The new joint venture is called Arcnet, which the companies describe as the world’s first open-investment network that uses blockchain and distributed ledgers to automate processes related to early-stage innovation projects such as authentication, compliance, and accounting.
Xinova, which spun out of Seattle-based Intellectual Ventures in 2016, operates a network of more than 12,000 inventors and helps match their ideas with customers that need related solutions. The company, which employs more than 100 people globally, will help build out the technology for Arcnet while Arc will offer its financial expertise.
Brad Roberts, global head of network platform at Xinova who worked Intellectual Ventures from 2010 to 2016, will lead Arcnet as CEO and co-founder. Roberts said there is a “massive failure to properly fund innovation,” calling out the narrow scope of investment vehicles such as venture capital or private equity, and the corporate interest of traditional R&D projects. That’s what led Xinova to creating its own capital network in partnership with Arc.
“It will both service the type of innovation projects Xinova is working on, but also bring about a major change in the way you can finance a transaction across project funding, across the innovation space, and globally as you cross borders,” Roberts said.
Arcnet brings the role of a bank, exchange, and broker into one decentralized platform. Bryan Wisk, CIO at Arc who is co-founder of Arcnet, said the model “un-tethers us from structural mandates” associated with traditional investment processes.
“The universe of investable ideas is limited by things like the life or the liquidity terms of these various investment vehicles,” he said. “We hope to not necessarily replace those, but open up a whole new horizon where we can tailor the structure of the investment vehicle to appropriately match the life of the investment and not have some thick structure that was created to make it easier for consultants and dealers to sell product.”
One of the first listed projects on Arcnet is a venture that invests in fleets of zero-emission buses throughout Latin America. Arcnet is bringing together various stakeholders who want to pool assets for the bus project and managing the financing in one place with distributed ledgers and blockchain tech.
“Even though citizens and government alike see immense value from a zero-emission solution, no individual stakeholder could solve the problem alone,” Adam Sherman, partner at Arc, said in a statement. “So, we built a consortium of electric vehicle stakeholders spanning four continents to assemble the fleet and related infrastructure.”

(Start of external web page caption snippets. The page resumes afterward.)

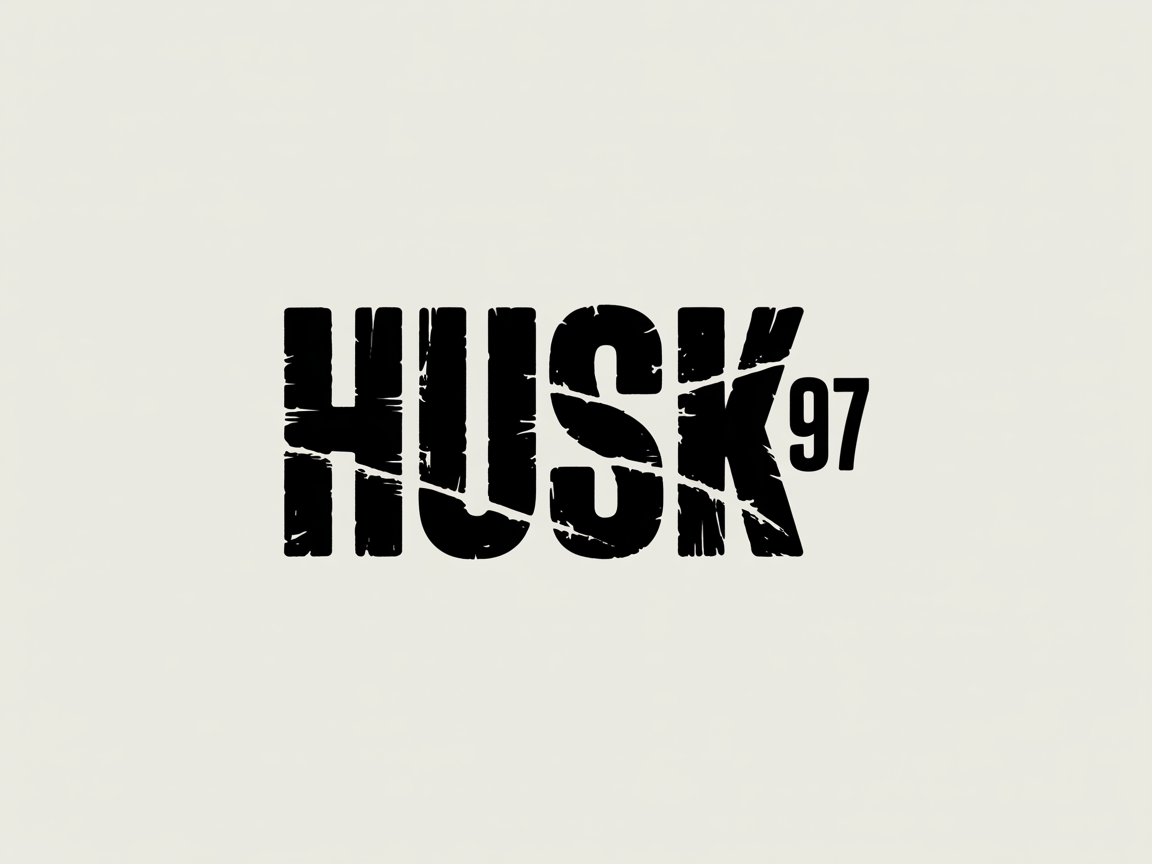 Logo-Design von Shasa_Dara02 für dieses Projekt | Design #36269110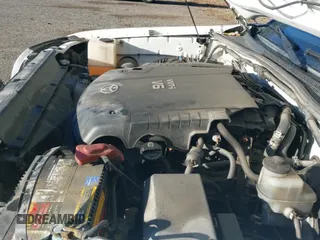 2011 Toyota Tacoma with VIN 3TMLU4EN4BM068685, listed as a IAAI auction lot 43403868 with 175,508 mi miles and . Bid and sale history available at DreamBid. Image 22.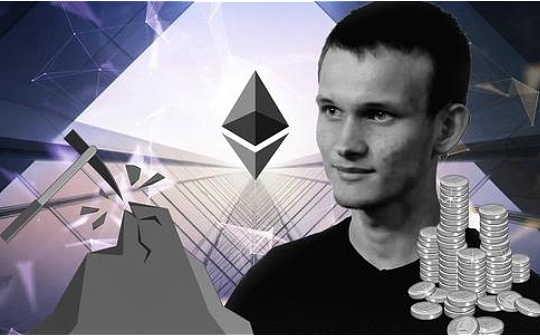 如何看虚拟币涨跌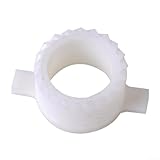 [Größenerinnerung] Bitte überprüfen Sie Ihre Maße vor dem Kauf, um die Kompatibilität zu bestätigen.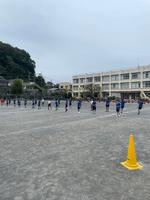 全校練習がありましたの画像7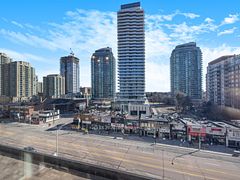 5640 Yonge Street 608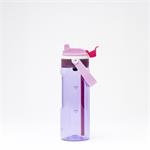 Kambukka Dupla 750 ml Harvest Wine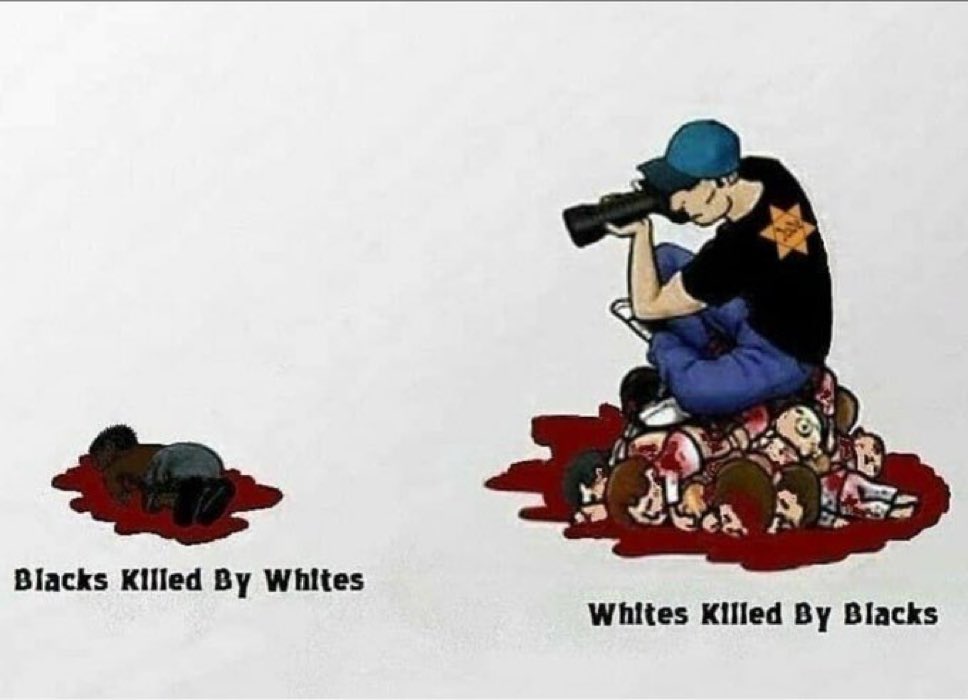 RockyTheRe44006's tweet image. 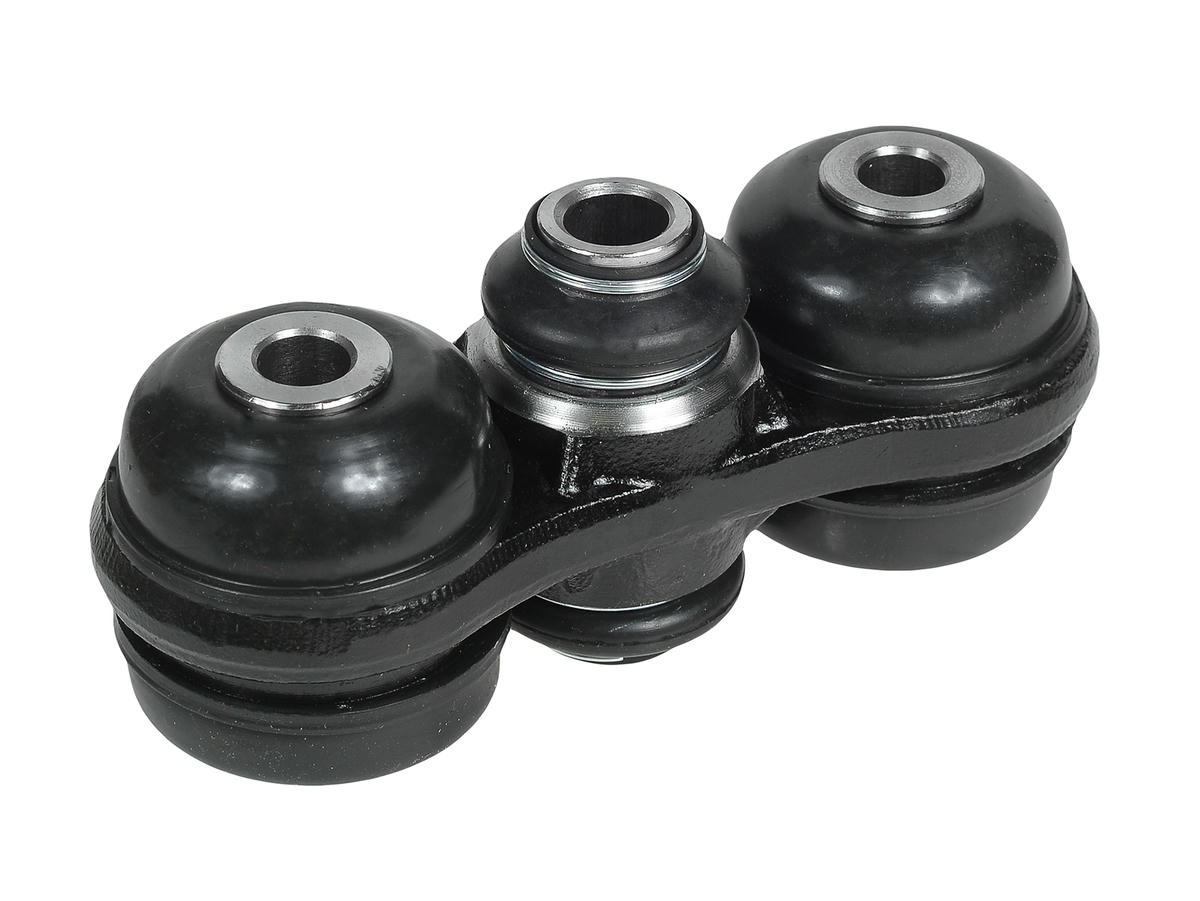 54-00005A-SX_рычаг задней подвески! Opel Astra/Cascada/Zafira 10> preview 2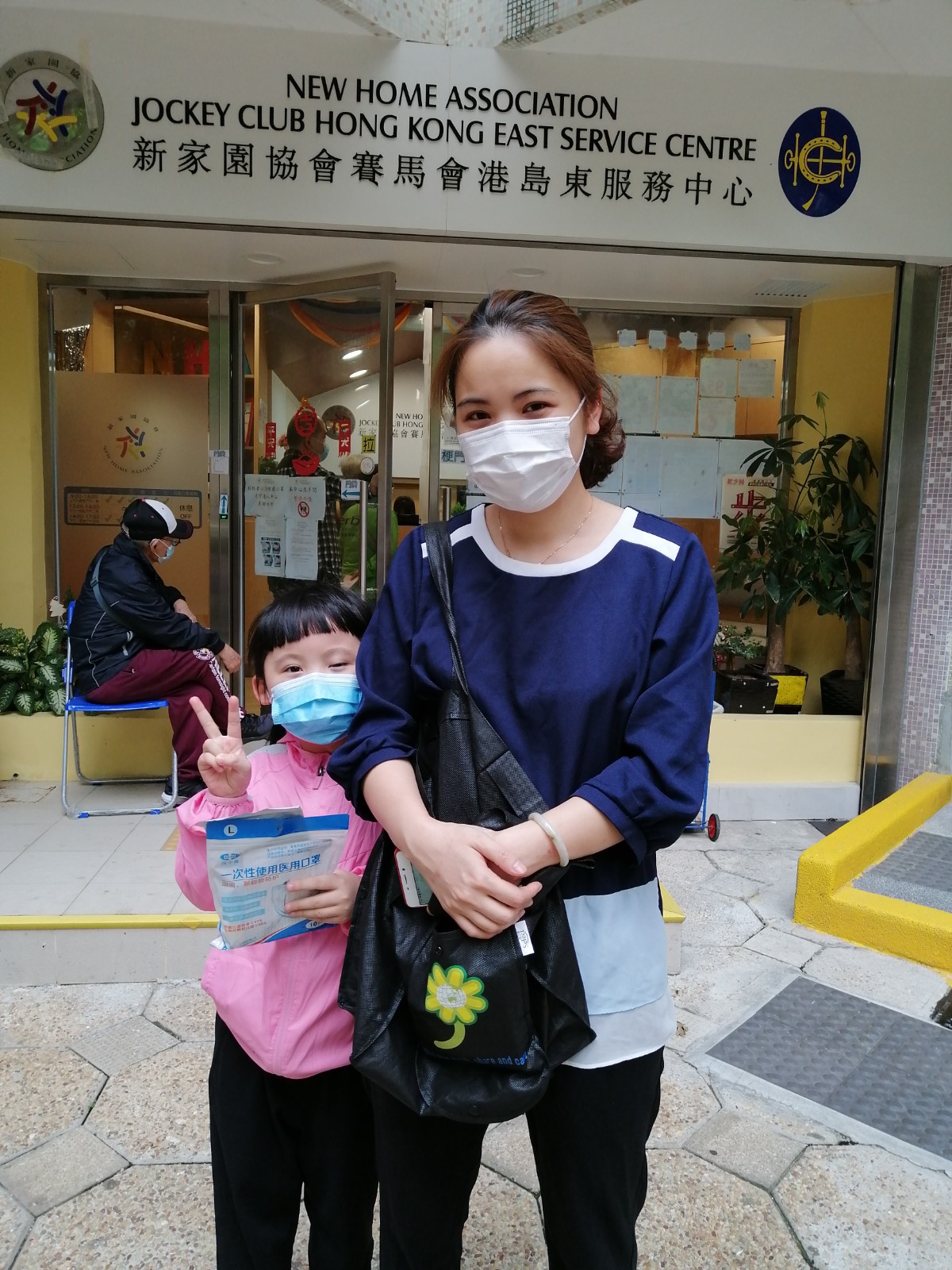 1635822237910.jpg 8(6).jpg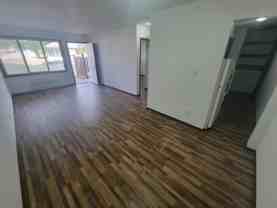 1015 Saint Anne St #108 - Photo 1 of 1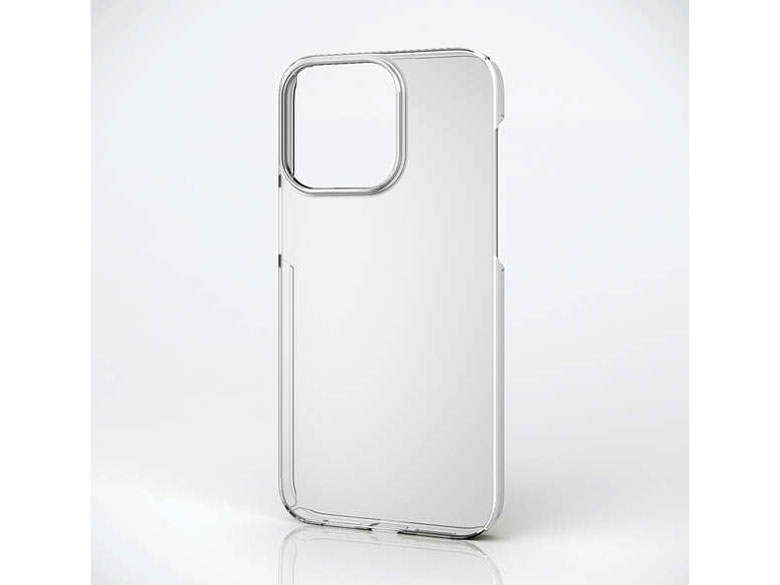 PM-A23DPVKCR [�N���A] �̐��i�摜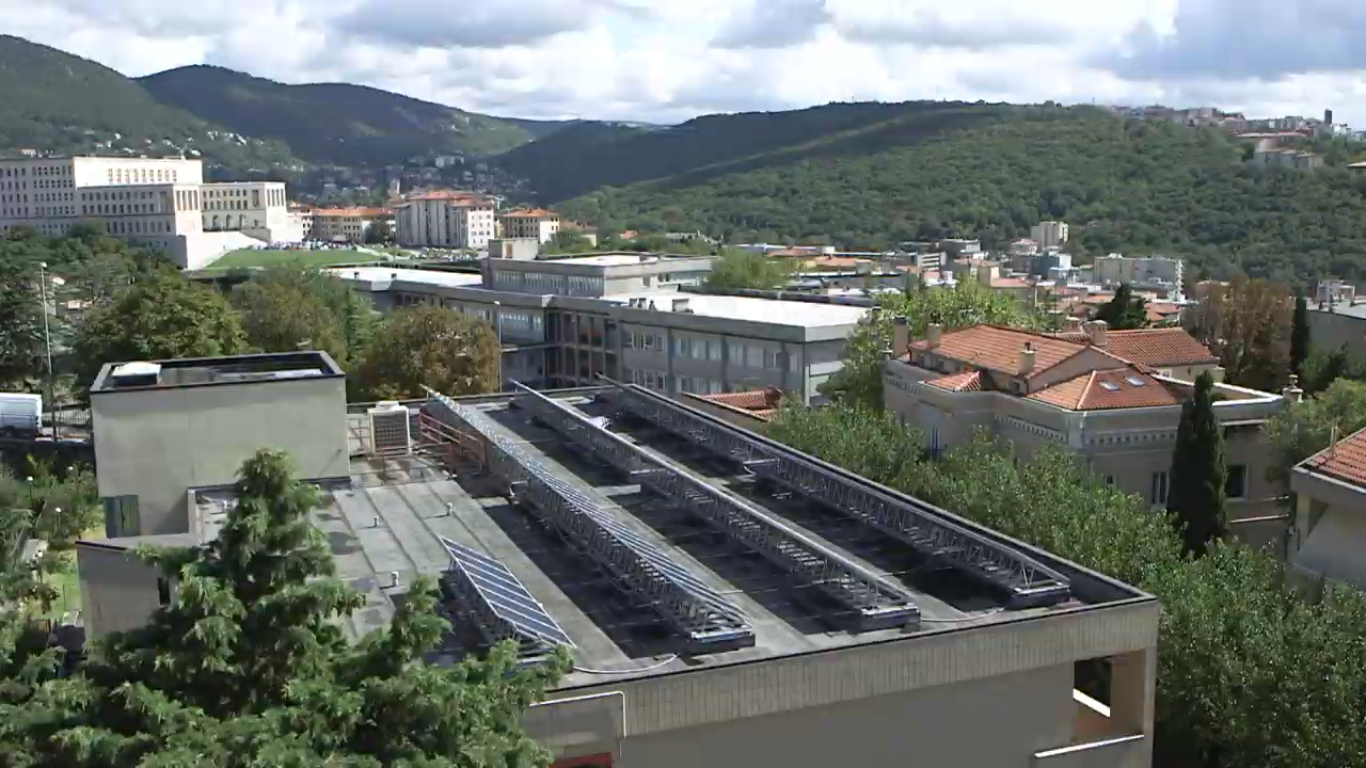 PV_FVG PV_FVG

Arcnet makes money off advisory and transaction fees while also having the option to take equity in projects. Roberts said that by keeping everything within one regulatory framework and using a general ledgering system, those fees are reduced from what’s traditionally charged today.
“Having been through a series of audits and transaction management fees, it is incredibly painful to see how much time and energy goes into overhead that is just antiquated,” he said. “It’s exciting to talk about how we can wash away a lot of that pain.”
Arcnet is targeting investments ranging from $50,000 to $100 million per project and plans to fully launch the platform in 2020.